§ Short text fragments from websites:
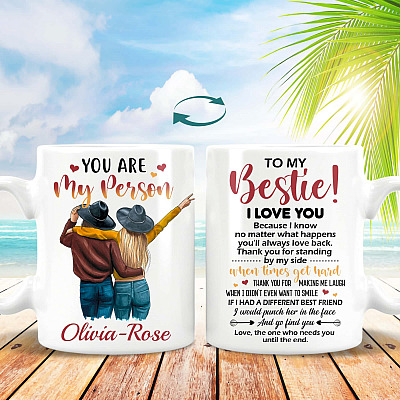 Alternative view of Personalized To My Bestie You Are My Person Coffee Mug - Best Friends Travel Bottle - BFF Gifts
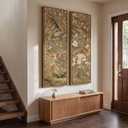 Framed Vintage Long Narrow Chinoiserie Wall Art for Living Room, 60x20 Inch, 20" W x 60" H x 2 Pcs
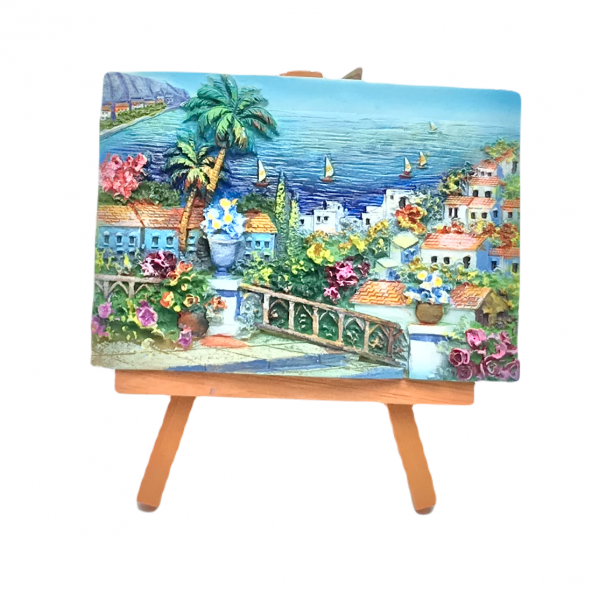 Polyester 3D kabartma deniz manzara temalı masa üstü standlı tablo 9x12CM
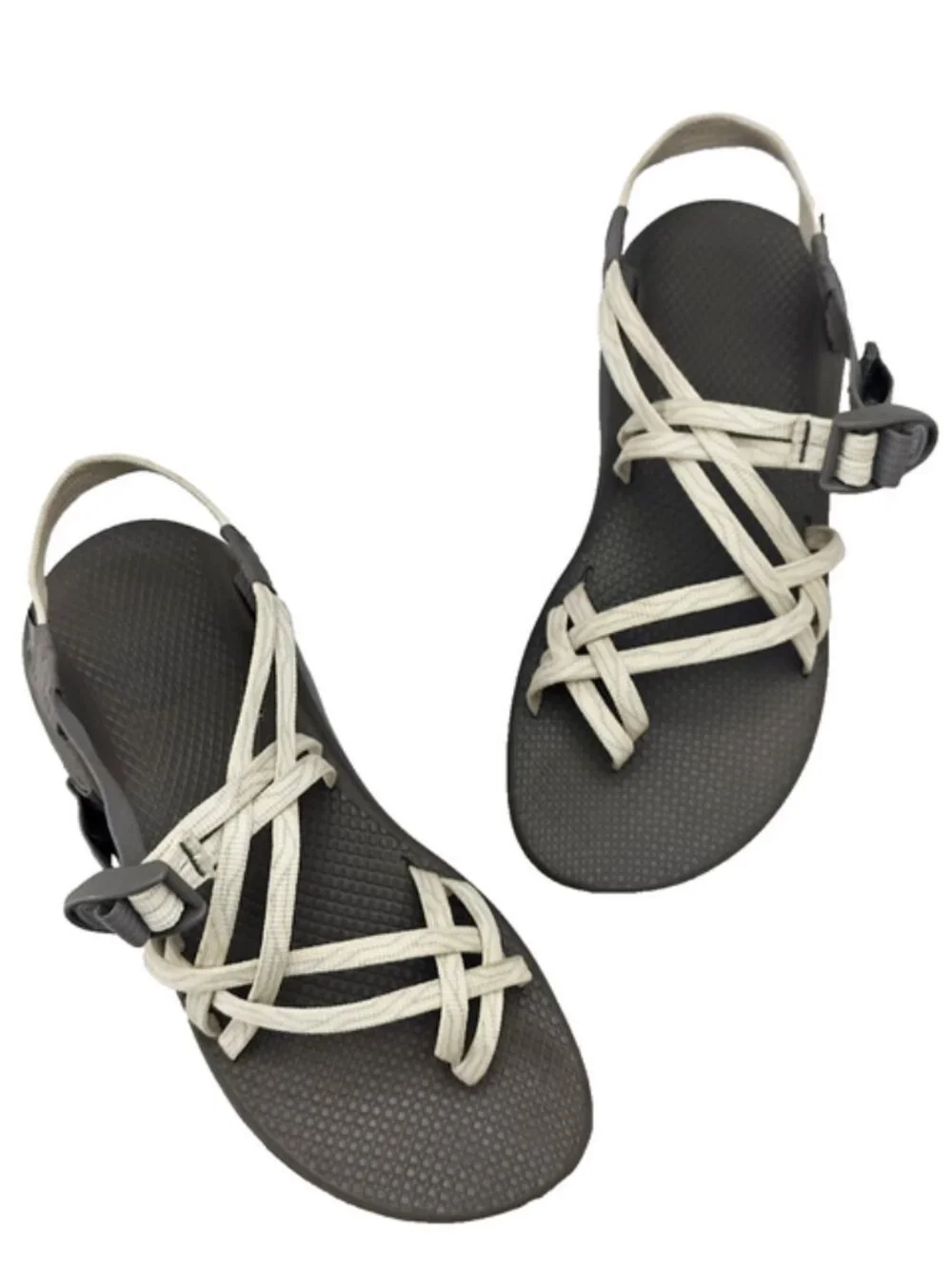 CHACO ZX/2 Cloud Sandals Dual Straps Cushioned Toe Loop Serpent Cream Gray Sz 11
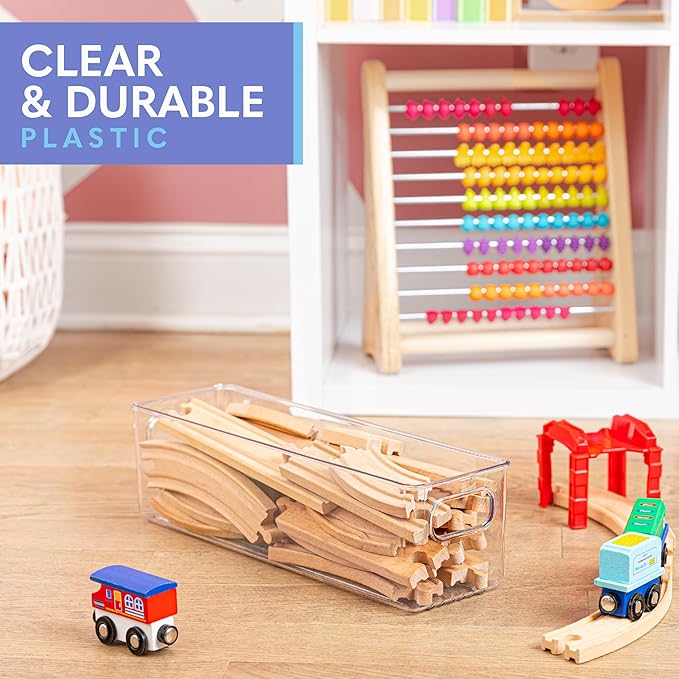 Plastic Food Storage 4 Pack Clear Container Bin with Handles for Organizing Kitchen, Pantry, Refrigerator, Freezer, Pantry, Cabinet, Closet, Bathroom. 14”x4”x4”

§ PROBLEM DESCRIPTION:
Would you output all of the entries above exactly, keeping the pictures out?

§ REPLY:
 Alternative view of Personalized To My Bestie You Are My Person Coffee Mug - Best Friends Travel Bottle - BFF Gifts
 Framed Vintage Long Narrow Chinoiserie Wall Art for Living Room, 60x20 Inch, 20" W x 60" H x 2 Pcs
 Polyester 3D kabartma deniz manzara temalı masa üstü standlı tablo 9x12CM
 CHACO ZX/2 Cloud Sandals Dual Straps Cushioned Toe Loop Serpent Cream Gray Sz 11
 Plastic Food Storage 4 Pack Clear Container Bin with Handles for Organizing Kitchen, Pantry, Refrigerator, Freezer, Pantry, Cabinet, Closet, Bathroom. 14”x4”x4”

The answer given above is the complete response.